H.I.G. WhiteHorse, the credit arm of HIG Capital, has arranged a €120 million financing package for Nasta Petfood, a French family-owned group with an ultra-premium pet nutrition portfolio, as the company moves to consolidate operations across two continents.
The deal, announced funds Nasta's acquisition of FirstMate Pet Foods, a premium dry and wet pet food manufacturer headquartered in British Columbia, Canada. Together, the two businesses will form a combined production platform spanning France, Italy, and North America with annual dry food capacity of roughly 45,000 metric tons and wet food capacity of about 4,000 metric tons. Nasta is targeting approximately €200 million in consolidated revenue for 2026.
A Founder-Led Business Looks to North America
Founded in 2016, Nasta describes its product philosophy around the intersection of nature, science, and taste — selling into more than 30 markets through brands that include Bab'in, Forza10, Natural Code, and, following the closing, FirstMate Pet Foods. The group claims a combined brand heritage of over 150 years in animal nutrition across its portfolio. Products reach more than 400,000 pet-owning households worldwide.
Geoffroy Lefebvre, CEO of Nasta, said the H.I.G. WhiteHorse partnership "marks the beginning of a new chapter of growth and maturity for Nasta," adding that the backing of a global institution validates both the company's brand heritage and its teams.
The FirstMate acquisition gives Nasta a manufacturing and distribution foothold in British Columbia, plugging it into a North American specialty pet food market where premium and super-premium products have consistently outpaced conventional kibble. Analysts have noted that the independent pet specialty channel — where FirstMate's products are primarily sold — skews toward higher-margin, ingredient-focused offerings, making it an attractive entry point for European brands with similar positioning.
HIG Capital's European Credit Unit Structures Cross-Border Flexibility
H.I.G. WhiteHorse Europe, which arranged the facility, has been widening its direct lending activity across the Continent. Pascal Meysson, the unit's head, said the Nasta deal illustrates its capacity to deliver flexible, scalable capital to founder-owned businesses pursuing acquisitions across borders without traditional private equity sponsorship.
Charles Bourgeois, a managing director at H.I.G. WhiteHorse Europe, described Nasta as a high-caliber business with integrated manufacturing capabilities and a clear growth plan. He called the FirstMate acquisition a key milestone in the group's international expansion and noted the deal strengthens the company's footprint in North America.
The Nasta deal arrives amid a broader push by H.I.G. WhiteHorse to grow its European direct lending book. Earlier this year, the platform provided a first-lien, senior-secured credit facility to Büter Group, a Dutch manufacturer of hydraulic cylinders backed by NPM Capital — a deal that similarly involved a single-sponsor transaction executed quickly around the holiday period. WhiteHorse also closed its Middle Market Lending Fund IV at $5.9 billion, signaling strong limited partner appetite for the platform's approach to non-sponsor and sponsor borrowers.
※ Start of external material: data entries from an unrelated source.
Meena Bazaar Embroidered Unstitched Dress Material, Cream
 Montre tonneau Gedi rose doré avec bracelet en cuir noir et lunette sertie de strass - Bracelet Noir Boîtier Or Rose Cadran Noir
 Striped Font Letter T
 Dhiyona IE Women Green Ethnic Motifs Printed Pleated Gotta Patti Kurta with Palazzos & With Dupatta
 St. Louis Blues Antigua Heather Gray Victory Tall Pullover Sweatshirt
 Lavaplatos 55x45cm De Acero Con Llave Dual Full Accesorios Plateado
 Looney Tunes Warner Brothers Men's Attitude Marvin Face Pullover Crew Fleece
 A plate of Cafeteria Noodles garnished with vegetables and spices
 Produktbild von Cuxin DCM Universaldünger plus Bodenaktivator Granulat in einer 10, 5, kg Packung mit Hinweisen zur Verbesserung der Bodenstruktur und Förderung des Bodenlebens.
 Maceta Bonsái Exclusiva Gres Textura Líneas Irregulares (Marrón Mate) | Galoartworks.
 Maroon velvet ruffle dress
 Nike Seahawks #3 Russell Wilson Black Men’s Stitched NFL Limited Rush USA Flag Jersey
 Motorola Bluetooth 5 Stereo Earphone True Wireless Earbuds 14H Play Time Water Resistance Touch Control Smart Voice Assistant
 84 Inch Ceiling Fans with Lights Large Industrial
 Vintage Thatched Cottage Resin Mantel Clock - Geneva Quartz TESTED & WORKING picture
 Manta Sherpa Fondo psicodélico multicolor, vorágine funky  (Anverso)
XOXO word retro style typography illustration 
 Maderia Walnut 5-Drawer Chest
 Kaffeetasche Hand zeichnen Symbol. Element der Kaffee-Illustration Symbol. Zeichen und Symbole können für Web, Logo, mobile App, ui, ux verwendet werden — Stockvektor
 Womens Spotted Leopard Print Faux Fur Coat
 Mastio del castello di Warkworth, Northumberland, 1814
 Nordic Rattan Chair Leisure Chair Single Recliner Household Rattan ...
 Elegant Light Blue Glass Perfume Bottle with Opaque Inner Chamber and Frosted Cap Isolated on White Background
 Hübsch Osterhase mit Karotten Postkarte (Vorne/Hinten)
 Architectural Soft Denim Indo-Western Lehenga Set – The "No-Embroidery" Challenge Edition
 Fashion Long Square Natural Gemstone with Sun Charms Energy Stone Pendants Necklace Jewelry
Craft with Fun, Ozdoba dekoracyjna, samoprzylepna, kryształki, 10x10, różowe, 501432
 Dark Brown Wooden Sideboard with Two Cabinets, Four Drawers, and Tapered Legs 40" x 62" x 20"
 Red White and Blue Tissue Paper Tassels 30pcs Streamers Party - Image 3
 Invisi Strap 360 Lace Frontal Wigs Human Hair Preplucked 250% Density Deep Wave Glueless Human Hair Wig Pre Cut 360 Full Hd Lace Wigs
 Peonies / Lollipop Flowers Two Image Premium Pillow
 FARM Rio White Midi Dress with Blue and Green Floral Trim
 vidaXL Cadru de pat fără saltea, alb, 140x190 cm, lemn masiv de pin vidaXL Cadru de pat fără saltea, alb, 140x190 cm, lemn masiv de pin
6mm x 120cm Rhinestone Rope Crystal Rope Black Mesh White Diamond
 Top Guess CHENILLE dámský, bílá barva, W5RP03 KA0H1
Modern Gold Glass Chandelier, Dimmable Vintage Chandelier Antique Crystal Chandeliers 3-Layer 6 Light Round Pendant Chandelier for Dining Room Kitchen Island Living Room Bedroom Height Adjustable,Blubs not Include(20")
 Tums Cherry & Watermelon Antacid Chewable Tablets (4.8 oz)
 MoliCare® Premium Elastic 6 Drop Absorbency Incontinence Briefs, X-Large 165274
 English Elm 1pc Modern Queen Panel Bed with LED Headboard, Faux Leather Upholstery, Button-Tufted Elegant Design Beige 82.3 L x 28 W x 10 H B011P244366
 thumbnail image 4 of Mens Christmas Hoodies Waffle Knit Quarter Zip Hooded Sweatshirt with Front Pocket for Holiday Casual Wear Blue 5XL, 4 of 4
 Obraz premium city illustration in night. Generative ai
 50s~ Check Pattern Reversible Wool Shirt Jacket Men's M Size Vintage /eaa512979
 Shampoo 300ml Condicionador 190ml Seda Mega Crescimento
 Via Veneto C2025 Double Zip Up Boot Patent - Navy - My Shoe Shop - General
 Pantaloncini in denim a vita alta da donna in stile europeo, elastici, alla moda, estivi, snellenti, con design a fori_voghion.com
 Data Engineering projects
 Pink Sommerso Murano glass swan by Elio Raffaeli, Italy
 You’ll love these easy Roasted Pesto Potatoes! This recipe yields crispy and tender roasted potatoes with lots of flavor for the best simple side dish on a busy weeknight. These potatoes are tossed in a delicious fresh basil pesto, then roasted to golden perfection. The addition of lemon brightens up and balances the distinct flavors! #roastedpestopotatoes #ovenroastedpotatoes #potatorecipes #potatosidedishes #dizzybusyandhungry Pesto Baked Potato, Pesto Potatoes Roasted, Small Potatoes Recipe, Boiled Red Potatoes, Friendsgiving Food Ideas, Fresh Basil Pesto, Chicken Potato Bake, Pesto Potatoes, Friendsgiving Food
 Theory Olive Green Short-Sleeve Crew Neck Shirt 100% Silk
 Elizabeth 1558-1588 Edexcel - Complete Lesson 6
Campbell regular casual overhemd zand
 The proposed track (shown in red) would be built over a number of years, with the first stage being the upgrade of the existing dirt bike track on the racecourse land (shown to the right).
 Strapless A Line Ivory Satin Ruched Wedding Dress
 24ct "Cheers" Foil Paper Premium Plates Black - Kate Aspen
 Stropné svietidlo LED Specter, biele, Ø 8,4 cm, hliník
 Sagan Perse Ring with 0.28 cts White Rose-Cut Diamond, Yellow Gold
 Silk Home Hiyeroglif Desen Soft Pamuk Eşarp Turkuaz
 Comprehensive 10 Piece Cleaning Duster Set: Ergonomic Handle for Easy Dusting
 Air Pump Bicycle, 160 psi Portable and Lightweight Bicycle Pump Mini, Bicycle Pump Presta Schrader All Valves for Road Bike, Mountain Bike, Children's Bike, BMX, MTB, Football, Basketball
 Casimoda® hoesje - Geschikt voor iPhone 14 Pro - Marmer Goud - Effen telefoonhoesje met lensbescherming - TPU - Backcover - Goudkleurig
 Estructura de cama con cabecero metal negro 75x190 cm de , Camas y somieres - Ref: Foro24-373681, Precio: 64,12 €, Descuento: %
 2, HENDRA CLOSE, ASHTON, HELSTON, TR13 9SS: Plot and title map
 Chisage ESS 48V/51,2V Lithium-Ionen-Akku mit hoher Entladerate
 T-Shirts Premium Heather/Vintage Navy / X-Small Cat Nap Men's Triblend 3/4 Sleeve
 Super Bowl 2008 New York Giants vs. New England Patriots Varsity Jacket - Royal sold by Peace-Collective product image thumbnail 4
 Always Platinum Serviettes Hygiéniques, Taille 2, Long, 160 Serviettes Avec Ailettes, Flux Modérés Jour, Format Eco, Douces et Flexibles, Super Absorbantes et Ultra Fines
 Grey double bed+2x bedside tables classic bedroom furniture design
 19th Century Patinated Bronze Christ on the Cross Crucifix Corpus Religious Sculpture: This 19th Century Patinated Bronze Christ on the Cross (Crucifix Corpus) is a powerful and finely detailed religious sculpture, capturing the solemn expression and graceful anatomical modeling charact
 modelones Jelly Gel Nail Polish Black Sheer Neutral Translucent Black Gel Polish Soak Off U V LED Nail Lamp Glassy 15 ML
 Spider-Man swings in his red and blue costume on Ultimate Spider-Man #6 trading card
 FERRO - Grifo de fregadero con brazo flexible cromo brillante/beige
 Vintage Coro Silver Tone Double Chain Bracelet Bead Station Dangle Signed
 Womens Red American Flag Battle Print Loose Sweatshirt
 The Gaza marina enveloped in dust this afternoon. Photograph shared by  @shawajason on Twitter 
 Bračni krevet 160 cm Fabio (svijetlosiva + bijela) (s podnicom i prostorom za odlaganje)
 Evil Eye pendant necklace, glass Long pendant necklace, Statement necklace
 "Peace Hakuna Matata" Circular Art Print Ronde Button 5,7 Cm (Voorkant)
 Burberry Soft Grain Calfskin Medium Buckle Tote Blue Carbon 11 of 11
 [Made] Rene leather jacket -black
A Firm Built for Middle Market Complexity
HIG Capital was founded in 1993 by Sami Mnaymneh, Founder, Executive Chairman and CEO, and Tony Tamer, Founder and Executive Chairman. Over three decades, the Miami-based firm has grown to $74 billion in capital under management and built a platform spanning private equity, direct lending, real estate, infrastructure, and special situations across offices in North America, Europe, the Middle East, and Asia.
HIG has invested in and managed more than 400 companies globally since its founding, with a current portfolio of more than 100 businesses generating combined annual revenues above $53 billion. H.I.G. WhiteHorse, its direct lending arm, has deployed roughly $18 billion in U.S. lending transactions alone, with a separate European operation that has been accelerating deal activity in recent quarters.
Pet food has drawn consistent attention from private capital over the past decade, driven by rising household spending on companion animals and the premiumization of the category. HIG's exposure to the sector now spans both sides of the Atlantic, with the Nasta financing adding international scale to an industry segment where consumer loyalty and repeat purchasing cycles tend to support durable cash flows.